The Legend of Zelda: Spirit Tracks

I much prefer this to The Legend of Zelda: Phantom Hourglass.  Okay, it could be that I have some completely unrelated emotional hangups about PH (the ex really liked the game and there was a trading function, so now my copy of the game is filled with things traded from her copy of the game, so it just induces panic attacks).  Not a big fan of the evil trains that can move more quickly than you and can hunt you down so you can’t avoid them.  That bit really sucks.  I’m also not a huge fan of the complete inability to turn around…  But, hey, you are supposed to be on a train.

I could also do without the scumbag NPCs.  Zelda is just about the only likable character in the game.  Everybody else is a demanding, annoying douche.  ‘Oh, I want wood. Bring me wood! Oh, I won’t work with a character with big antlers! Oh, do a roll into this tree filled with mother freaking bees!’

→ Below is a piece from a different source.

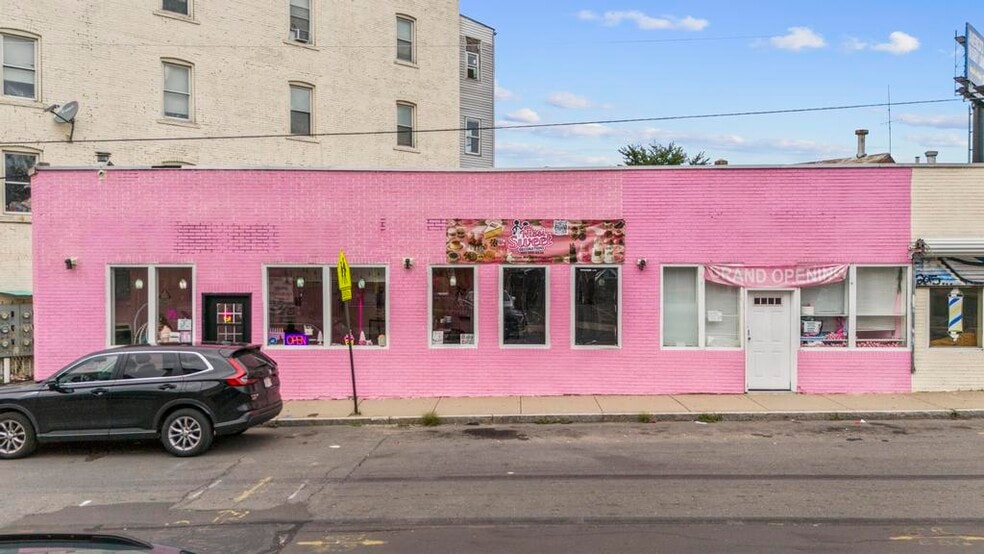 More Photos Of 868-872 Bank St, Waterbury Storefront Retail Residential For Sale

That last one pissed me off the most.  I thought, ‘You can’t be serious.  Why the crap would I want to roll into a tree full of bees?  Oh, well.  If you insist!’  Lo and behold, the bees freaking attacked me.  Then he laughed about it and demanded a free train ride.  I’m still a bit conficted about that, especially considering his mother didn’t seem to have the slightest idea of where he’s going.  Also, the turd is a liar.  I had to Googlewhack what to do with him because he’s such a rotten liar.

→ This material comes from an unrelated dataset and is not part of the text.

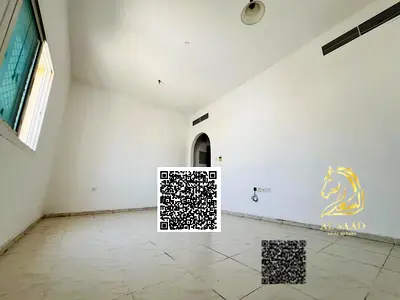 استديو واسع ومميز للإيجار السنوي في النعيمية يتميز بمطبخ منفصل وتكييف مركزي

But, other than that, the game is ferociously excellent.

Family Guy: Something Something Something Dark Side

The release date was supposed to be tomorrow, but JB HiFi had them in stock today.  In truth, not as good as Blue Harvest but still an amazing amount of fun.  BH seemed to find humour in what was already in the Star Wars universe – Solo’s ‘few maneuvers’, for example.  SSDS seemed to rely more on recreating The Empire Strikes Back with Family Guy characters and then sprinkling jokes on the top.

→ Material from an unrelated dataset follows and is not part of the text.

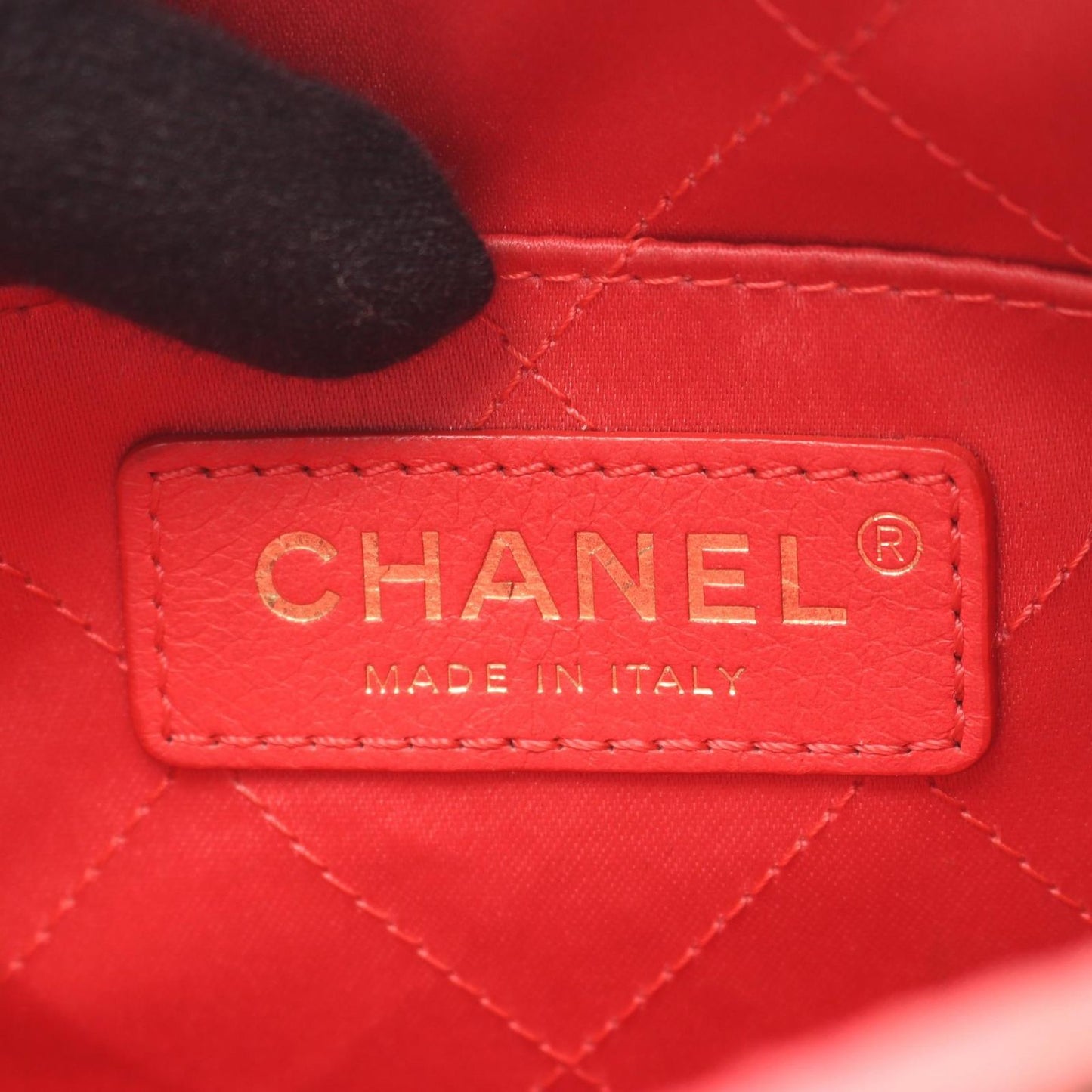 Chanel Shoulder Bag Quilted Diamond — view 4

Sure, BH did the same thing at times but it didn’t seem to be quite so dependent.  Also, I could do with several magnitudes less Herbert.  So, overall fun but pretty much just for fans of Star Wars and Family Guy.

Stargate Universe

I hate every military character on this show.  Freak me freaking sideways, I could swear they exist just to say asinine things and to disagree with people who can read without moving their lips.  Robert Carlyle is pretty much the only reason worth watching it at the moment (Channel 10, Monday nights.  Soon to be Channel 10, 1am Tuesday morning… TiVo!).

I also hate the trope of ‘Super smart outsider’.  In the original, James Spader had a theory which was not supported by the evidence.  Thus, he was rightly mocked for his unjustified beliefs.

But that’s not good enough for the country that invented Wikipedia.  Experts suck!  What do they know?  They’re just experts!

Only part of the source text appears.